This is not your grandfather’s attention. It is not a passive thing, an article read or a news report digested. This attention — via smartphones — seizes you. It energises and angers you. It may change your view of life, of politics, of yourself. The algorithm is the message. Gaining any attention wins elections; that’s why the Democrats lost.

To many in the US, it’s the Democrats who are the extremists, not the new president. While his style is to keep ’em guessing, don’t ignore the political substance

This is why he won. This is how he will govern. Late in the evening on Monday came a moment that captured the political genius of Donald J Trump.
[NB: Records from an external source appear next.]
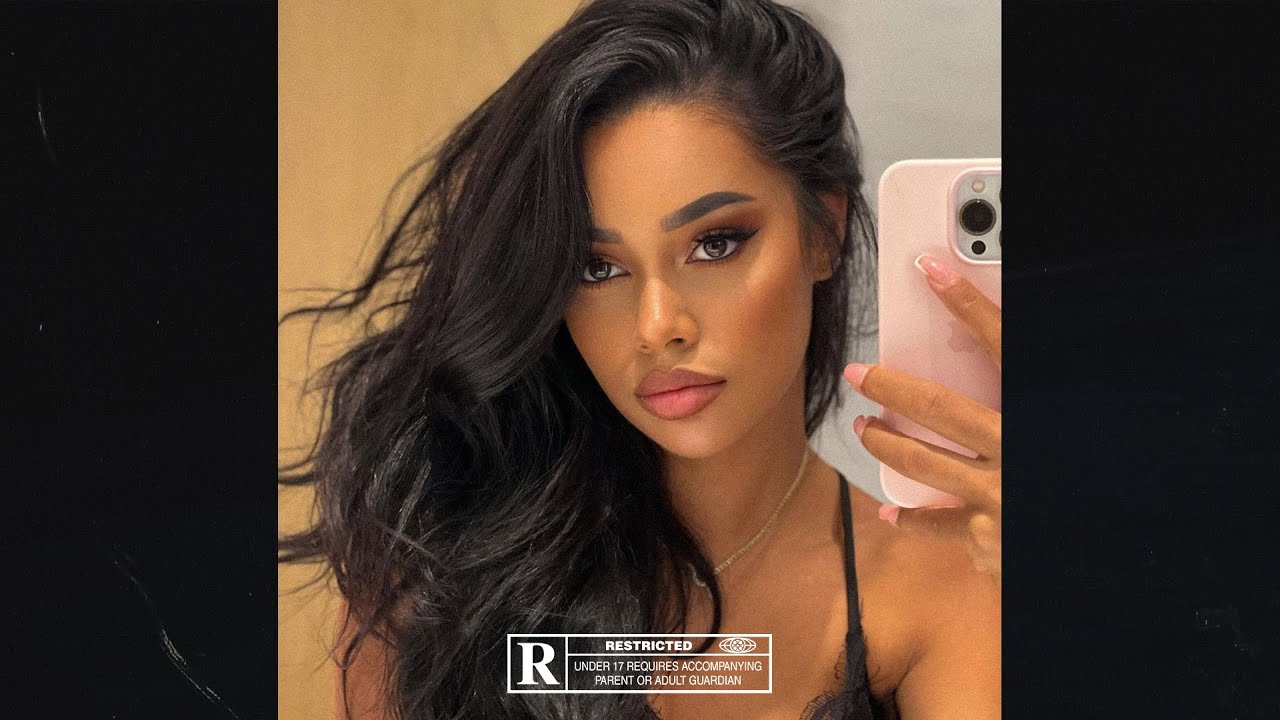 (FREE) Bryson Tiller Type Beat - 
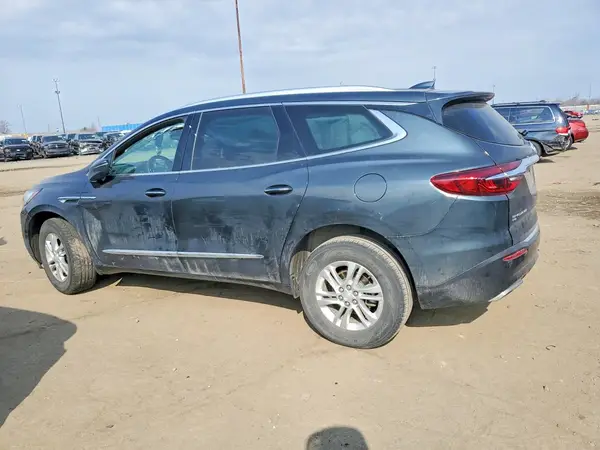 5GAEVAKW6LJ274849 2020 BUICK ENCLAVE - Image 2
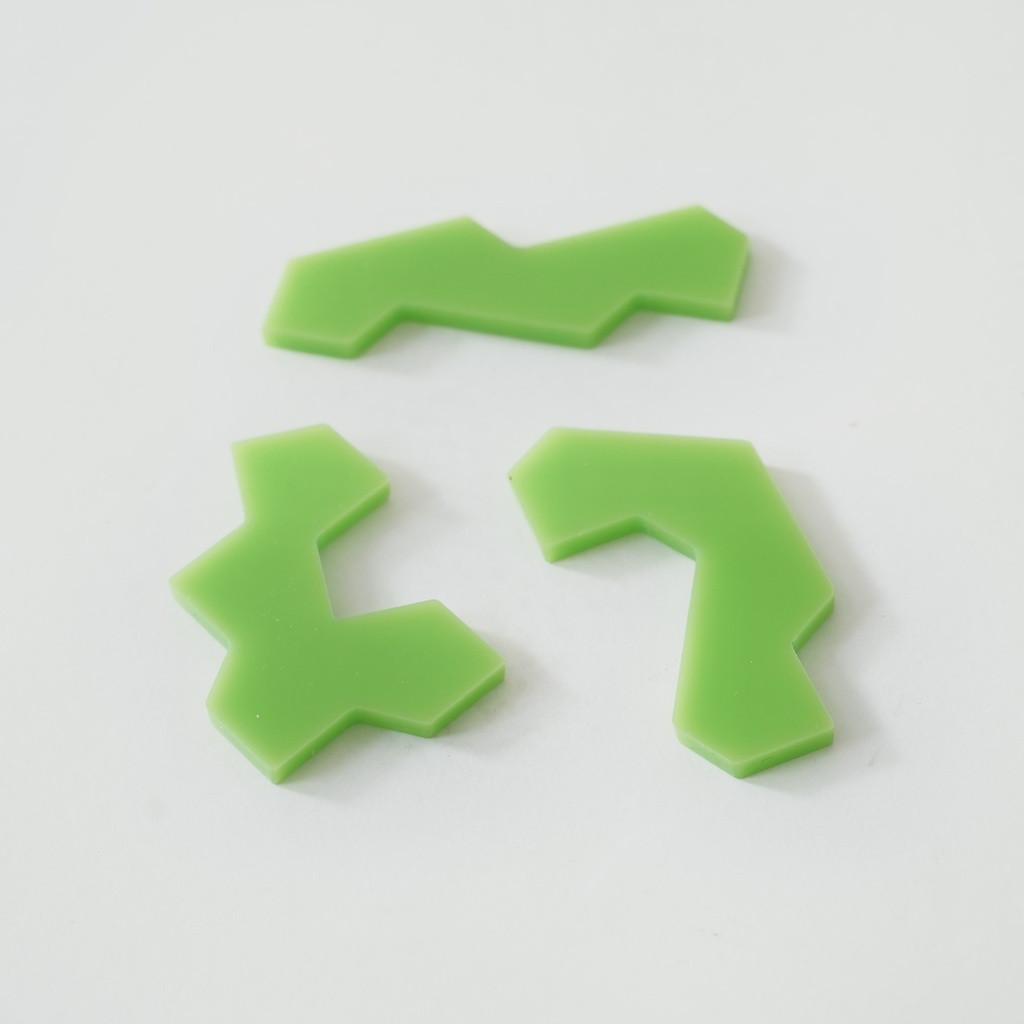 ジャスト3テトラカイロ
He can grab attention out of a tin can.

The new president had made it to his desk in the Oval Office and was signing executive orders —which in theory lead to immediate action — in front of an assembled group of reporters. One of them, Fox News’s Peter Doocy, a friendly voice, asked him if Joe Biden had left the traditional letter to his successor.
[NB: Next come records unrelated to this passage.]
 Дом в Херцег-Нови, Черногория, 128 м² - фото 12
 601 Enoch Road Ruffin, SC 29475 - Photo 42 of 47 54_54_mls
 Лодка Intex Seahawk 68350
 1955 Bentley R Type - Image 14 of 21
The response was pure Trump: “He may have. Don’t they leave it in the desk? I don’t know.” With that, the new president rummaged in the drawers of the desk and discovered the letter. “Thank you, Peter. It could have been years before we found this thing.”

President Trump with his predecessor’s letter. AP

Performative, possibly even planned, yet unscripted. Made for TV, made for YouTube clips. Made, indeed, for TikTok. Jokey, inclusive, reactive.

And then on to signing something else: leaving the World Health Organisation (“This is a big one”) or ending birthright citizenship; the first easily done, the second probably impossible but what the heck, both signed and dispatched.

The point everyone made after the immediate fun was that the contrast with the humourless, semi-moribund end to the Biden years was so extreme as to be psychologically, almost physically, shocking to the nation.

Violent criminals pardoned, Panama threatened, sex and gender sorted; it carried on long after midnight and, like the Spanish Inquisition, could strike without warning.

Trump takes a victory lap in Las Vegas on Saturday, focused on his plan to exempt tips from taxes MANDEL NGAN/AFP/GETTY IMAGES

One can imagine Brian Hook, a trustee of the Wilson Center for Scholars at the end of a long diplomatic career, watching all this along with other Americans on the TV then going to bed, before waking to discover that Trump had not forgotten even him: in the middle of the night, via Truth Social, Hook was told “YOU’RE FIRED!”

For those of us dashing through the frigid Washington night from event to event, what was the story? We dared not sleep lest we, like Hook, woke up to a new world that had left us behind.

Ah yes, the conventional wisdom went, he was indeed energetic but wait till the hurdles come. Wait till it all gets tricky, with the courts rendering some of the orders void, with the immigration ambition — get rid of all those without proper papers — coming up against the fact that many of them are living decent American lives vital to the economy and to keeping inflation low. Ditto for tariffs, if they are imposed: muscular but self-defeating.

But this, perhaps, is a misunderstanding of the second age of Trump. The hurdles? Bring them on. And crash into them. Jump some, dump some. Pretend they weren’t there. Swerve round them even if the course is now a new one.

The phrase of the moment is this: “Attention is the new money in American politics.”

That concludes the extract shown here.